As an example, if an organizer wanted to simply subdivide each of the 4 categories into 2 categories each (so 8 total), they would have to create two separate events to hold all the categories. Not exactly a smooth user experience when signing up.
Feature request: this is just silly. Events should be able to have as many categories as an organizer wants. Or at least 10!
Given this is an MVP, it’s not surprising that Zwift hasn’t built a UI for organizers to customize category boundaries via Companion or the web. That said, it may become a time-consuming hassle to send requests to Zwift’s events team to implement custom categories.
Feature request: build a UI so organizers can easily dial in their custom categories.
If an event uses custom category boundaries, this needs to be indicated when signing up in order to avoid confusion from racers. (“Why am I being forced to race as a B?”, “Why am I being allowed to race in C?”, etc…)

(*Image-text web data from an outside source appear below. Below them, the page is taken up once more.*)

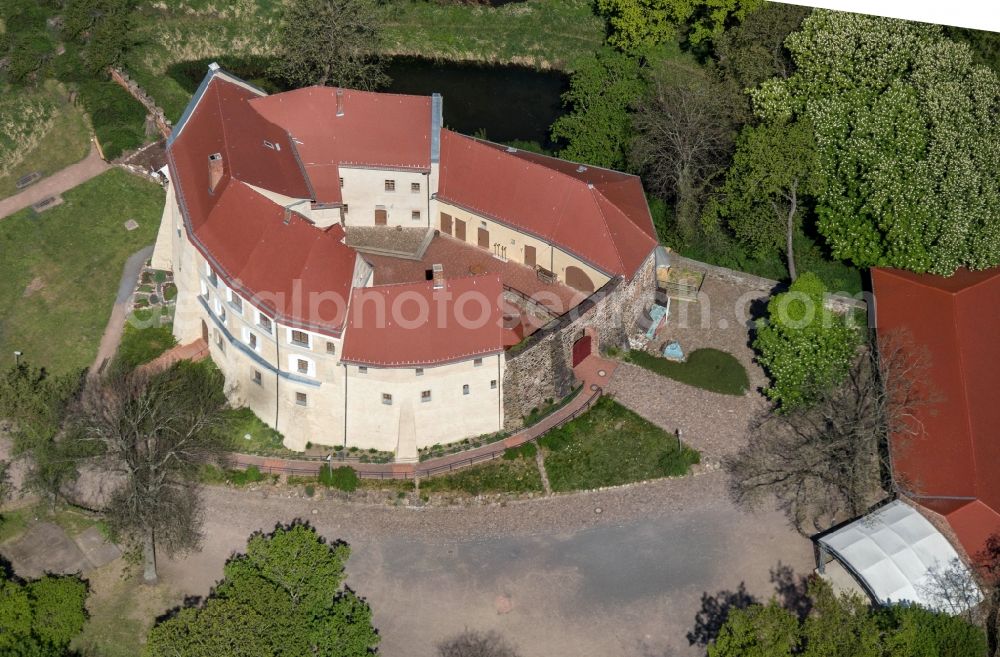 Aerial image Dessau-Roßlau - Castle Wasserburg Rosslau in Dessau-Rosslau in the state Saxony-Anhalt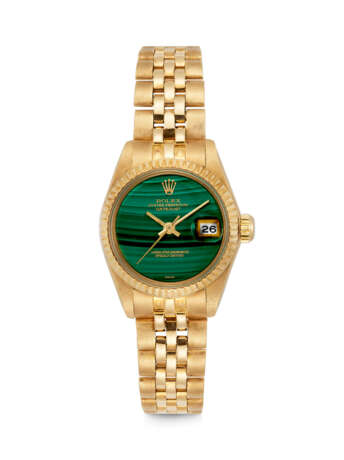 ROLEX. A LADY’S VERY RARE 18K GOLD AUTOMATIC WRISTWATCH WITH SWEEP CENTRE SECONDS, DATE, BRACELET AND MALACHITE DIAL - фото 1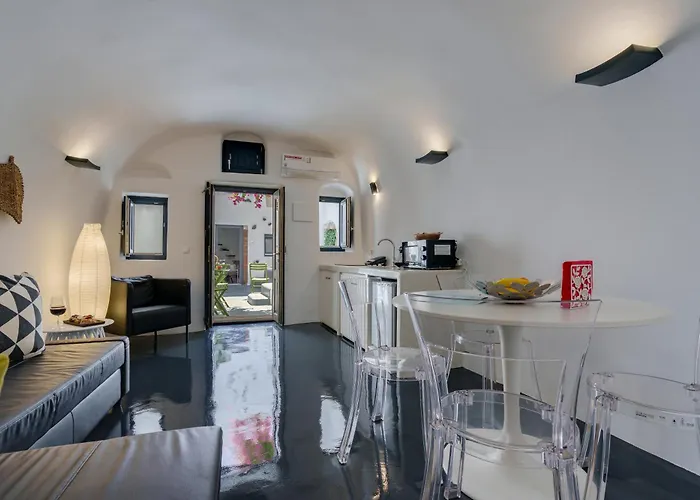 Alba Caverns 3* Fira (Santorini)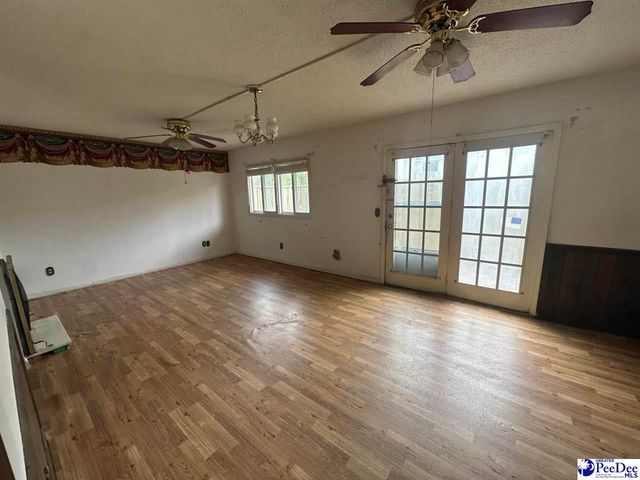 700 S Cashua Dr 10B, Florence, SC 29501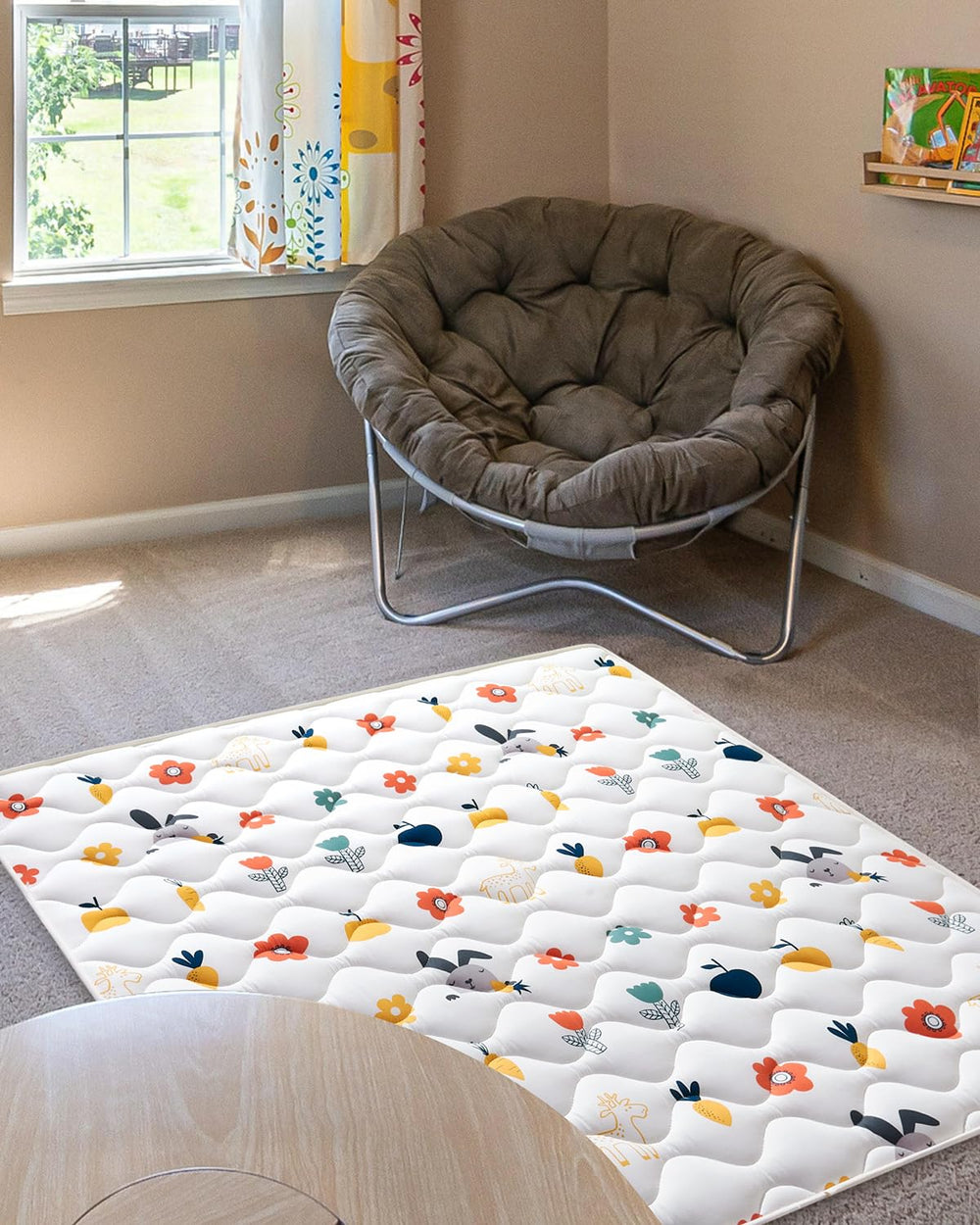 VIVIDVIBEBEARPAS phthalate-free and lead-free materials support safer play.
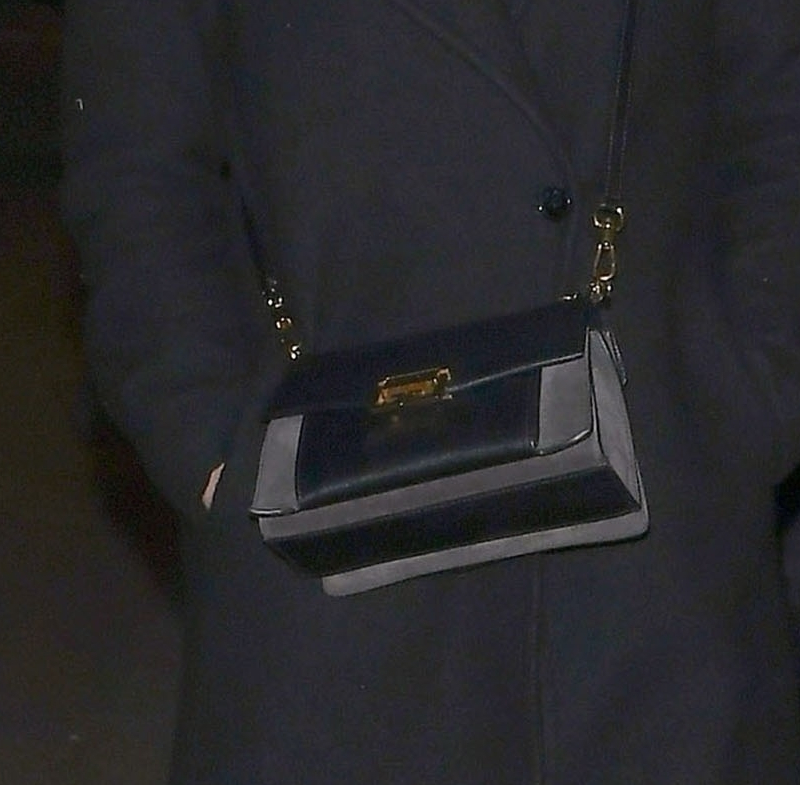 Cara Delevingne na NIEUDANEJ randce z dziewczyną (ZDJĘCIA) Cara Delevingne na NIEUDANEJ randce z dziewczyną (ZDJĘCIA)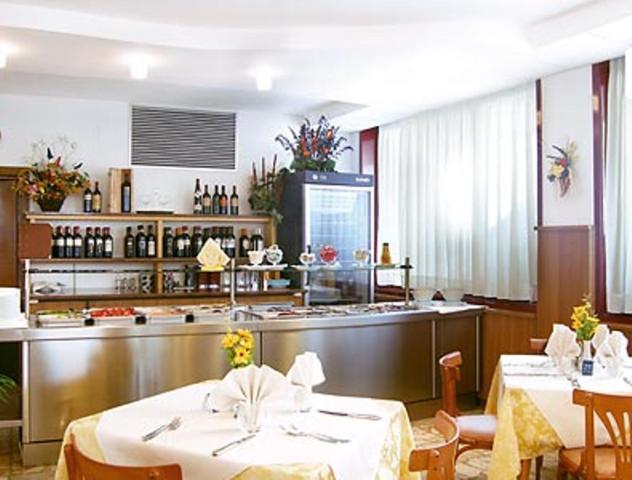 Hotel Nelson Jesolo Extérieur photo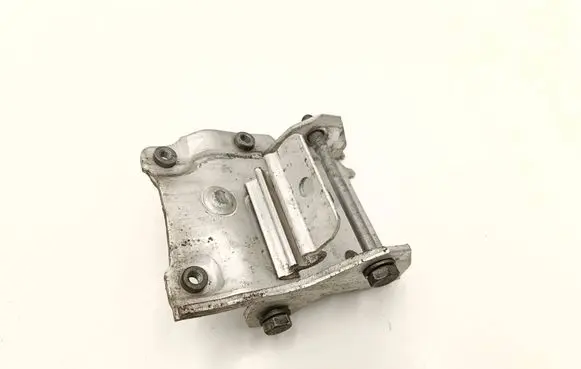 BMW 5 F10 F11 Radiator mount bracket 7186514 7207152 7211162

That doesn’t appear to be a part of this MVP. So racers – be sure to read the event description. Now, more than ever! And race organizers: please put clear text in your event description explaining your custom boundaries.
Feature request: a simple indicator icon of custom boundaries would be a good start, although I would love to see details of those custom boundaries, so I can know what parameters a race organizer chose and why I got placed in a particular category.

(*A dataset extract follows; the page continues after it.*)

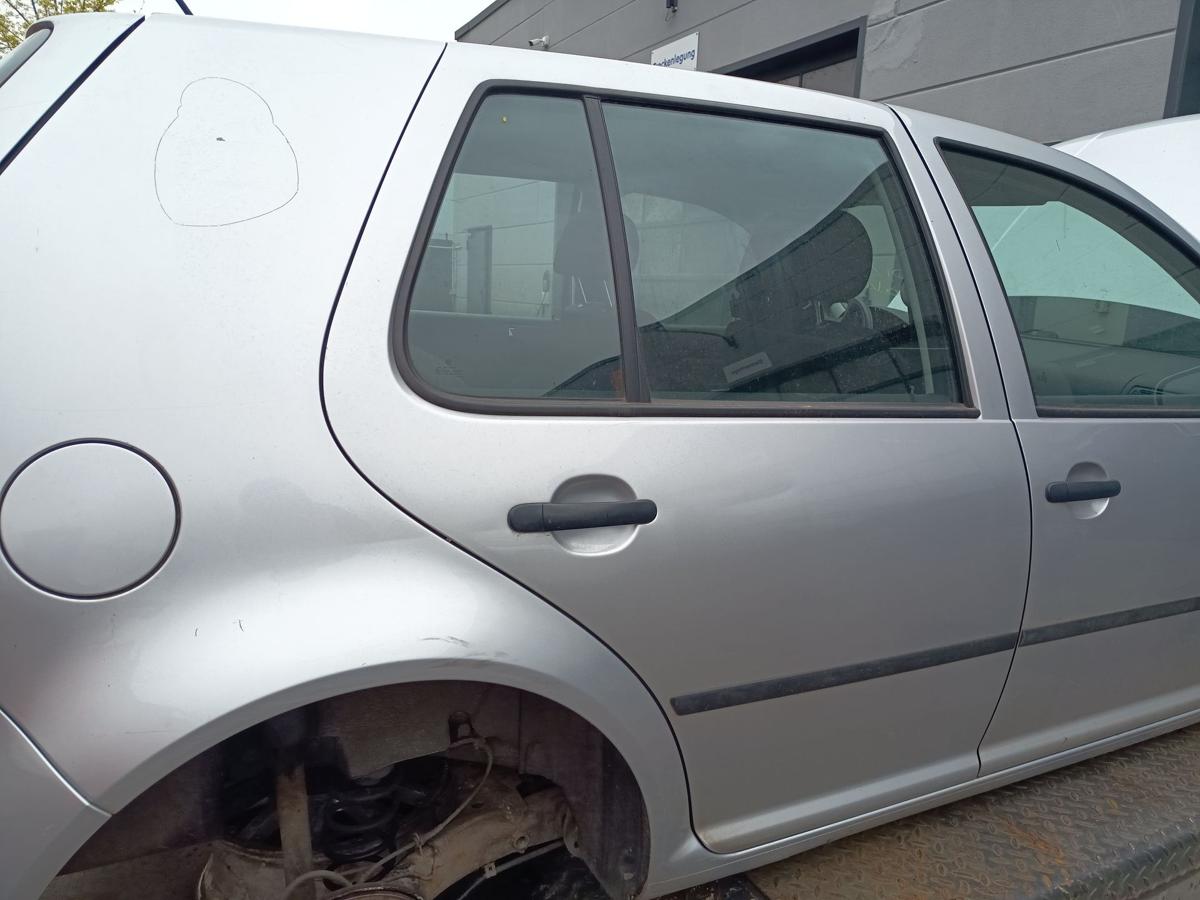 VW Golf IV original T&uuml;r hinten rechts LA7W Reflexsilber Baujahr 2002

My contacts at Zwift asked me to let everyone know that this is essentially a limited beta feature for more “advanced” race organizers.
Translation: Zwift doesn’t want to start fielding hundreds of requests from less experienced organizers who want to test the waters. Zwift says, “We’re slowly reaching out to folks we know have been asking for it.” If you aren’t one of those folks, it’s possible that your custom categorization request may be denied.
James referenced compound score as one of the parameters that can be used to create custom boundaries. This grabbed my attention because Zwift has yet to display a compound score for riders. In fact, I hadn’t even heard that Zwift had started calculating compound scores!
But let’s back up a minute. What even is a compound score? It’s a way to rank riders based on both their pure watts (“absolute power”) and w/kg (“relative power”). As far as I know it was first detailed in this conference paper, where the authors concluded, “To our knowledge, the compound score is able to measure performance characteristics for U23 one day racing success.” It’s used by ZwiftRacing.app, intervals.icu, and other platforms.
Flint from Zwift told me the company just started calculating compound scores a few weeks ago. Zwift is currently calculating riders’ compound scores the same way ZwiftRacing.app does:
(best 5min power)x(best 5min w/kg)
But Flint also stressed that this is likely to change in the future. Zwift’s plan is to use the compound score “to help people get a better feel for where they might sit if they have little to no race data.”
It’s fun to see Zwift testing new features and algorithms to push racing forward.
Zwift’s announcement of custom category boundaries is welcome and shows that they’re listening to the community and want to give us the tools to create better races.
The only bummer is that this initial release of custom categories is limited in big ways. Hopefully customization capabilities will be expanded as time passes, giving race organizers the flexibility to create even more innovative, fun, and challenging events.